Ecco perché credo che l’UPF possa dare un grande contributo in questa fase della storia, proprio perché parte da un ripensamento ed una riproposta delle cose che di più contano nella nostra vita, per poi arrivare a formulare proposte che possano raggiungere le sofferenze, i disagi, i conflitti e le speranze dell’uomo del terzo millennio.
Il nuovo ordine quindi non dovrebbe nascere soltanto da nuovi equilibri geopolitici o sociali. Deve nascere anche da un nuovo ordine “spirituale”. Dopo la fine della divisione del mondo in due blocchi e della guerra fredda, non si può più pensare che possano esistere nel mondo poli egemonici così forti da controllare ed influenzare ogni cosa, apertamente o subdolamente.
Inoltre, non ci può più essere soluzione parziale ai problemi della nostra società. La reazione a catena è già partita e non la si può fermare nemmeno chiudendosi in casa. Le frontiere non bastano più. Bisogna che iniziamo a pensare globalmente per potere agire localmente in modo più efficace e negli ambiti giusti e l’ONU dovrebbe essere la sede eletta della giustizia e del bene comune. Sono gli organismi sopranazionali, specie quelli che si occupano di pace, di problemi umanitari, di formazione e cultura, di risoluzione dei conflitti e così via, che devono giocare un ruolo fondamentale nella formazione del nuovo ordine.
In realtà esiste un solo ostacolo a tutto questo, che si manifesta in molte forme diverse: l’egoismo che oggi si chiama fondamentalismo. La teoria dell’assolutizzazione dell’IO.
Esistono diversi fondamentalismi, che hanno la stessa natura ma agiscono in ambiti diversi.
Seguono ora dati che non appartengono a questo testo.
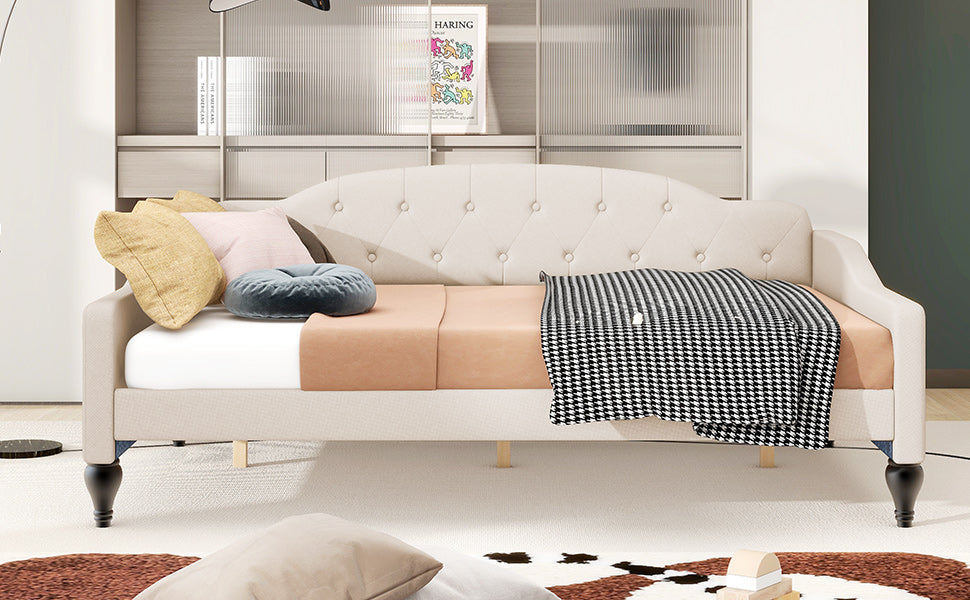 Full Size Upholstered Tufted Daybed in Beige
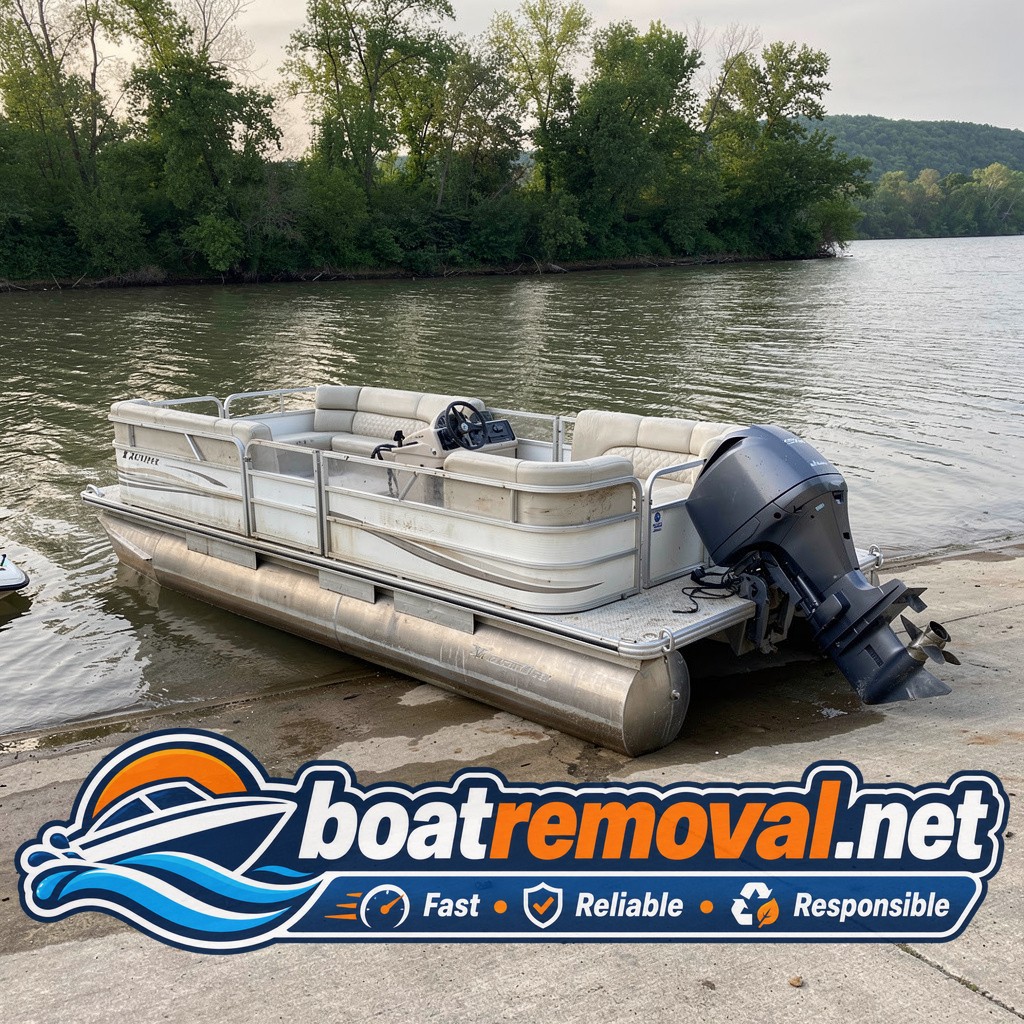 20-foot Sylvan pontoon boat partially sunk at a boat ramp near Murray, Kentucky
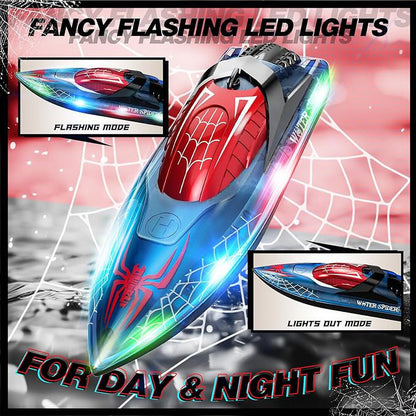 JoyStone RC Boat for Pools and Lakes, 2.4G 15+ MPH Fast Remote Control Boat with LED Lights, Racing Boats for Kids & Adults with 2 Rechargeable Battery, Gifts for Boys Girls (Red)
Alcuni li conosciamo più o meno bene, altri spesso non li consideriamo tali: Il fondamentalismo religioso, oggi il più evidente. Quello culturale di cui noi nazioni avanzate ci siamo macchiate in passato e spesso continuiamo a farlo, anche all’interno delle nostre società e che oggi rischia di ritorcersi contro di noi. Prima di quanto possiamo immaginare, per esempio, rischiamo di essere ripagati con la stessa moneta da altre culture al momento emergenti sulla scena internazionale. Quello razziale di triste memoria e non ancora completamente estinto in molte parti del mondo. Quello capitalistico. Tante grandi multinazionali si sono macchiate di questo peccato. Gli interessi del capitale sono importanti tanto quanto quelli della gente. “Tanto quanto” questa è la chiave. La situazione in Nigeria nel delta del Nilo, per esempio, è uno dei casi dove ad enormi ricchezze del territorio non corrisponde un benessere diffuso tra la popolazione. È uno dei tanti casi. Anche questa è una forma di fondamentalismo cioè l’idea che non esista altra via che quella dell’interesse di parte. È il contrario dell’evoluzione, del progresso civile, dell’armonia che muove l’universo intero che ci insegna che non può esistere benessere globale senza benessere individuale e viceversa.
Anche la nostra democrazia ed il nostro capitalismo “moderato” corrono questo rischio quando non cercano nuove strade e invece si arroccano in convinzioni inadeguate e ristrette, che non considerano il bene comune di tutti e a disposizione di tutti. Ma questo è un altro argomento, che tratteremo prossimamente.